To reduce these possibilities, organizers carefully kept track of the flour sacks, then sent the empty ones to professional schools where women were learning to sew and embroider as a trade.  Some women embellished the company logos on the bags, while others stitched elaborate messages of thanks to their American benefactors.  These embroidered flour sacks were used to raise money for the relief effort, and Hoover received many as gifts.  Today, the museum has a large collection of these flour sacks.  They have about five on display at any given time, rotating them out every several weeks.









The museum also has a display of Belgian lace.  The CRB worked to preserve this centuries-old industry by creating job opportunities for 20,000 female lace-makers.  Hoover's wife, Lou, used her connections to find buyers for the lace.



Bobbin lace
The exhibit is a reminder of the power that handmade objects held.  For every world-changing event, women were there to comment with their needles and thread.

Tuesday, May 12, 2015

Pretty Little Syndey

I am lucky to have really awesome in-laws.  My husband's parents love me like I am their own child, and they have been a big source of support to me.  They celebrated their 40th anniversary last summer, and I wanted to give them something special.  It was around that time that I discovered Satsuma Street Designs, a cross-stitch pattern company, and knew that one of their patterns would make the perfect gift.

Jody Rice, the designer behind Satsuma Street, likes to create patterns that combine retro shapes with bright colors.  She is becoming well known for her line of Pretty Little City patterns, which depict recognizable landmarks in cities around the world.

My in-laws are world travelers, and their house is filled with unique items from their travels.  There's the batik painting of Shabbat candles my mother-in-law made during a class in Indonesia, and a kiddush cup they had custom made when they went to Iran before the revolution.  They are social workers by day, but my father-in-law runs a boutique travel agency as a hobby business.  Last year, they lead a group trip to Australia and New Zealand, so I figured that they would enjoy a cross-stitched cityscape of Sydney.


Working on this made me realize just how little I actually know about Sydney aside from the Opera House, so I would look up the buildings as I went.  (Now the Pretty Little Sydney patterns come with a key for identifying landmarks.)  Still, the picture is fun to look at even if you aren't familiar with the city.  I like the bright palette of blues, greens, yellows, and oranges.  It was simple enough to be beginner friendly, but has enough detail to make it distinct.  My friends especially love the little surfer made of only a few stitches.  I just put it in a hoop for the picture.  I'll need to get it framed, and hopefully the lines of the buildings won't go wonky in the final version.

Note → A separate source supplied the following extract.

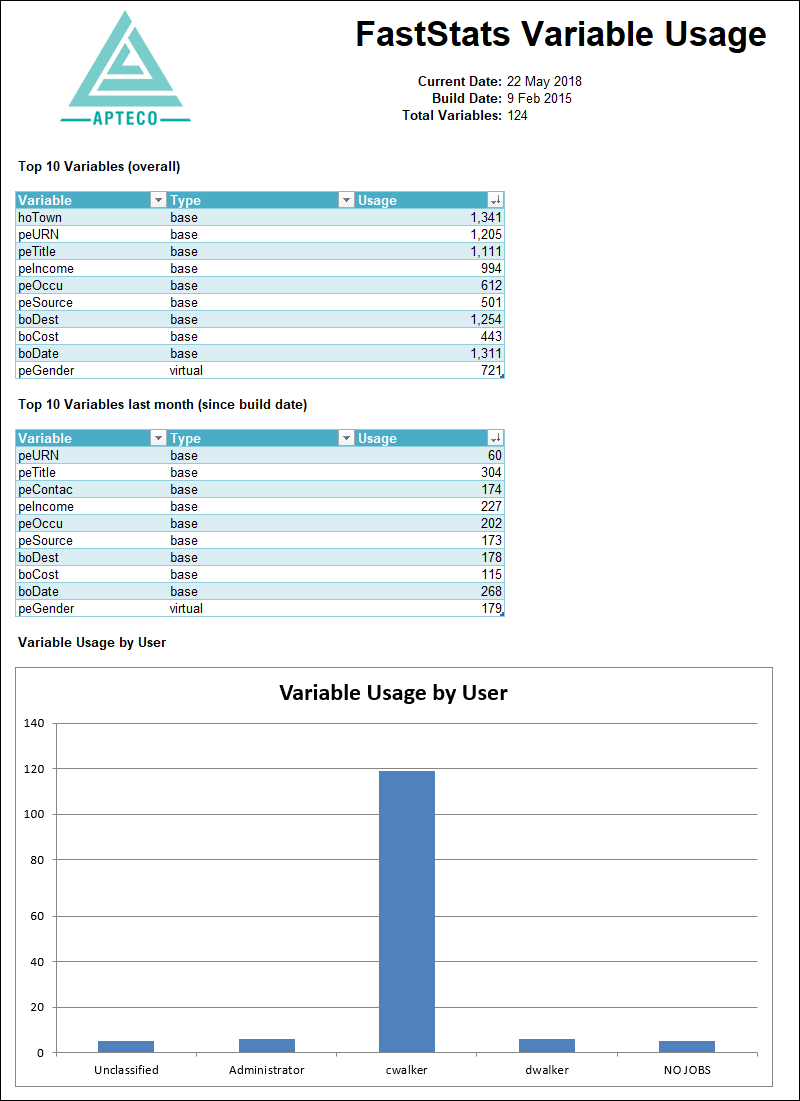 FastStats Variable Scanner Excelsior Report FastStats Variable Scanner Excelsior Report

The other patrons of Home Ec's Saturday breakfasts were surprised over why I was making this.  When I told one woman it was for my in-laws, her eyes grew wide.  "Wow.  You must REALLY like them."  Yes, I do!  I didn't exactly complete it in time for my in-laws' 40th anniversary.  (It still counts if it is one month before their 41st, right?)  Luckily, they loved the picture I sent them and are willing to wait a bit longer so I can enter it in the State Fair.  I could probably spend the next several anniversaries giving them stitched versions of places they've visited; however, as a Chicago native I think I need to work on the Pretty Little version of that city next!

Tuesday, May 5, 2015

I Can Haz Grumpy Cat

For a silent auction at my synagogue, I donated the opportunity for me to embroider the winner's favorite quote.  A very nice woman won that item, and explained that she wanted a piece of art that was inspired by her favorite refrigerator magnet.  An embarrassingly long amount of time later, I have finished her piece.  Behold . . . the cutest angry cat you will ever see!


I worked on this during Saturday mornings at Home Ec.  He quickly became a favorite among my friends, especially after I filled in the eyes with satin stitch.  The woman wanted the cat to have calico coloring like her own pet.  I'm not a cat person, so I had to look at a lot of Google images to get something resembling the real thing.  Like the lion on the Torah mantle, I used seed stitch to fill in the color patches.  It's less tedious than using satin stitch, and I like the way it is suggestive of fur without looking photo-real.  That's what I like about embroidery as a medium--using a variety of stitches to create images that are suggestive of real images, yet with a more interpretive and artistic style.

Last Friday, I went to Home Ec and framed the piece in a hoop.  They had a pretty purple flower ribbon that I used to decorate the hoop.


The woman gave me a big hug and told me she loved it, but my favorite reaction was that of my husband's:  "It makes me want to hug and pet the cat until he stops being angry."